Drosophila microRNA dps-2526-3p suppresses dengue virus replication in Aedes aegypti cell
10.3760/cma.j.cn112866-20240816-00121
- VernacularTitle:果蝇微RNA dps-2526-3p干扰埃及伊蚊细胞中登革病毒复制的研究
- Author:
Ting CAO
1
;
Qian NI
1
;
Mengyi SHI
1
;
Xin DENG
1
;
Xiaoling PAN
1
Author Information
1. 湖南师范大学医学部医学技术与转化学院,长沙 410013
- Publication Type:Journal Article
- Keywords:
miRNA;
Dengue virus;
Aedes aegypti;
Drosophila pseudoobscura
- From:
Chinese Journal of Experimental and Clinical Virology
2024;38(6):628-634
- CountryChina
- Language:Chinese
-
Abstract:
Objective:The toll pathway plays an essential role in the inhibition of dengue virus (DENV) replication in Aedes aegypti. Accordingly, the objective of this study was to examine the impact of microRNA on the Toll pathway regulatory genes and its influence on DENV replication in Ae. aegypti.
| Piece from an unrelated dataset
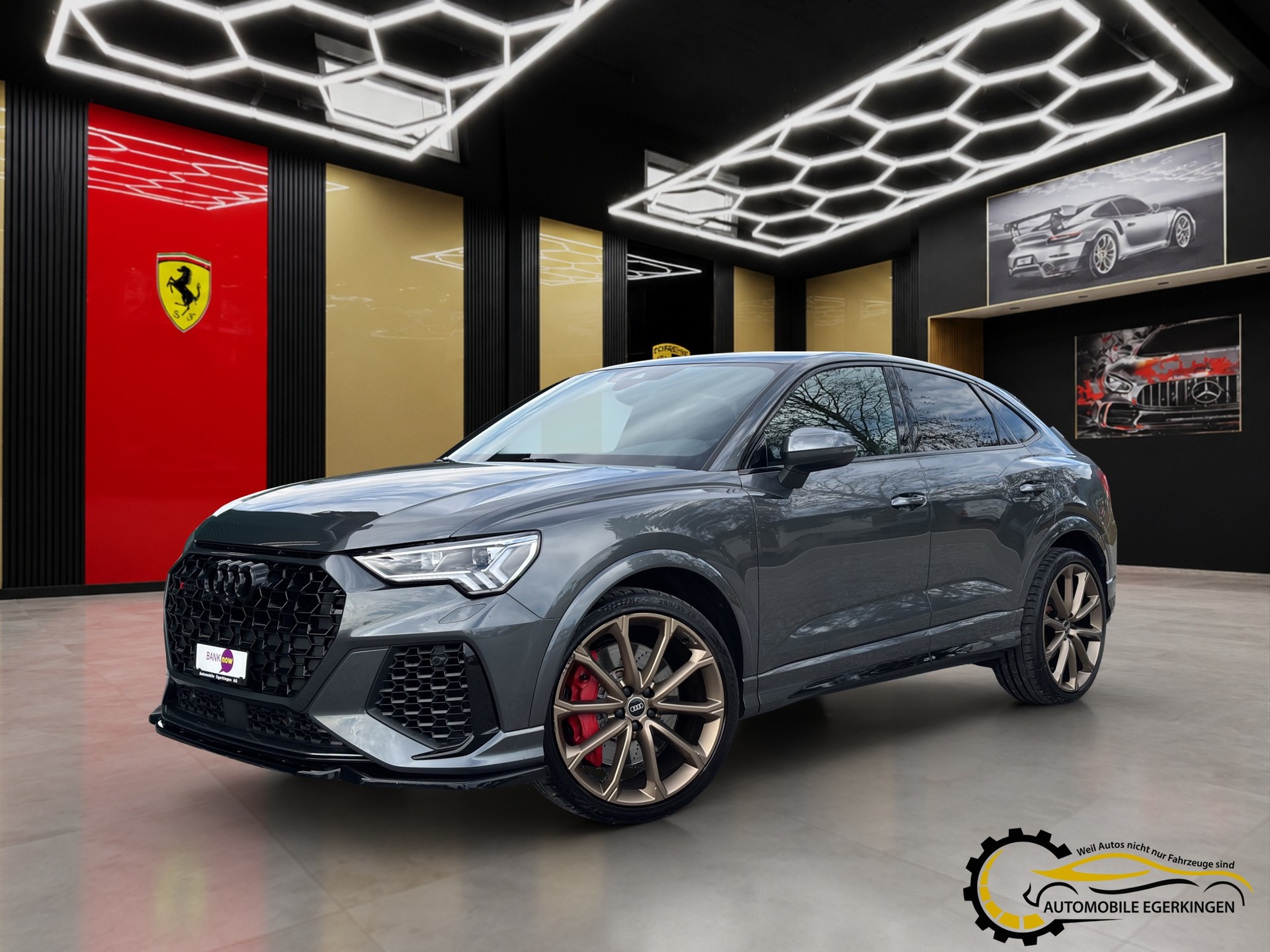 AUDI RS Q3 Sportback 2.5 TFSI quattro S-Tronic-image-0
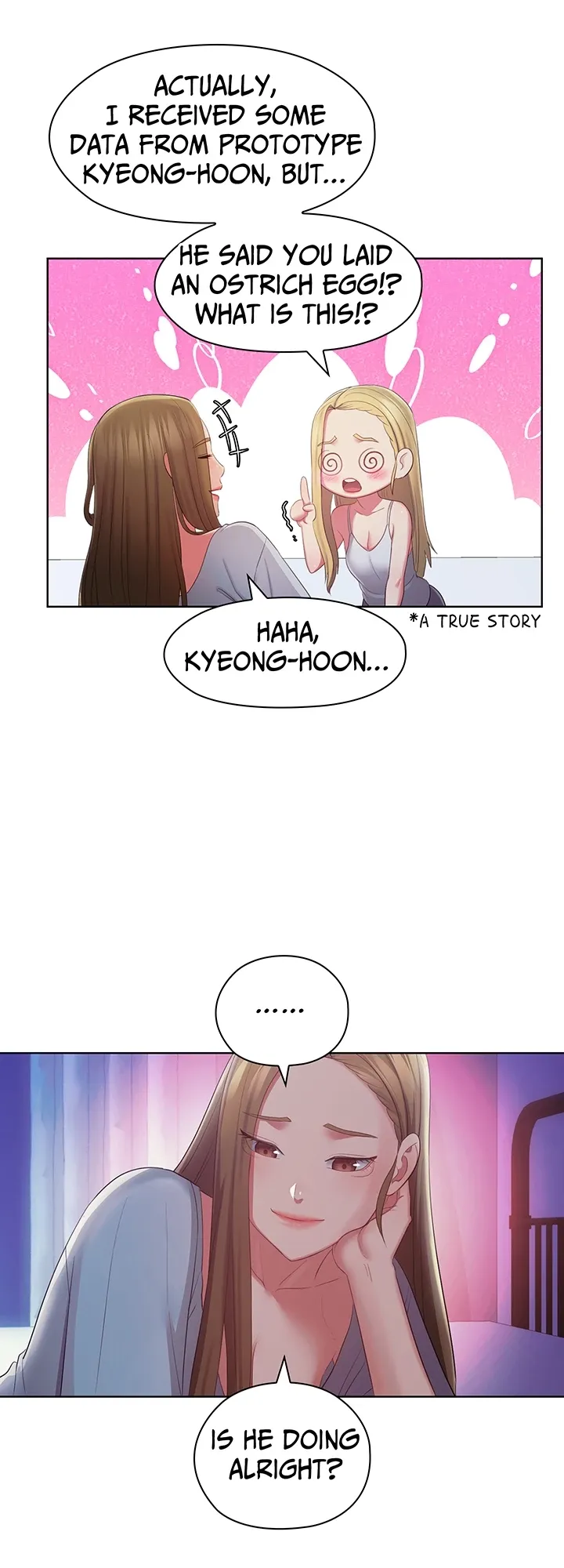 May I Help You? Chapter 44 page 13 -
Methods:RNAhybrid software prediction and dual-luciferase reporter gene assay were employed to study the binding relationship between dps-miR-2526-3p and Rel1 A gene. The real-time fluorescence quantitative PCR (qPCR) was used in the quantification of nuclear and cytoplasmic dps-miR-2526-3p in Wolbachia-carrying (W + ) and Wolbachia-free (W -) Ae. aegypti cells via nucleocytoplasmic separation. The miRNA up-regulation assay or miRNA silencing assay combined with virus infection assay were conducted to ascertain the impact of dps-miR-2526-3p on Rel1 A gene expression and DENV replication. Results:The result of the prediction and dual-luciferase reporter gene assay consistently demonstrated the direct binding relationship between dps-miR-2526-3p and the Rel1 A gene. The qPCR result proved the presence of dps-miR-2526-3p in the nucleus and cytoplasm of Ae. aegypti cell. Notably, the expression levels of dps-miR-2526-3p and Rel1 A gene in W + cells were significantly higher than those in W -cells. The miRNA function assay indicated that dps-miR-2526-3p could positively regulate Rel1 A gene expression. The result of viral infection assay showed that dps-miR-2526-3p exhibited a notable inhibitory effect on DENV replication. Conclusions:Ae. aegypti utilizes dps-miR-2526-3p to activate the Toll pathway via Rel1 A gene, thereby inhibiting the replication of DENV. The novel molecule with anti-DENV properties was found in this study to offer a promising approach for the development of vector control strategies aimed at prevention and control of DENV transmission.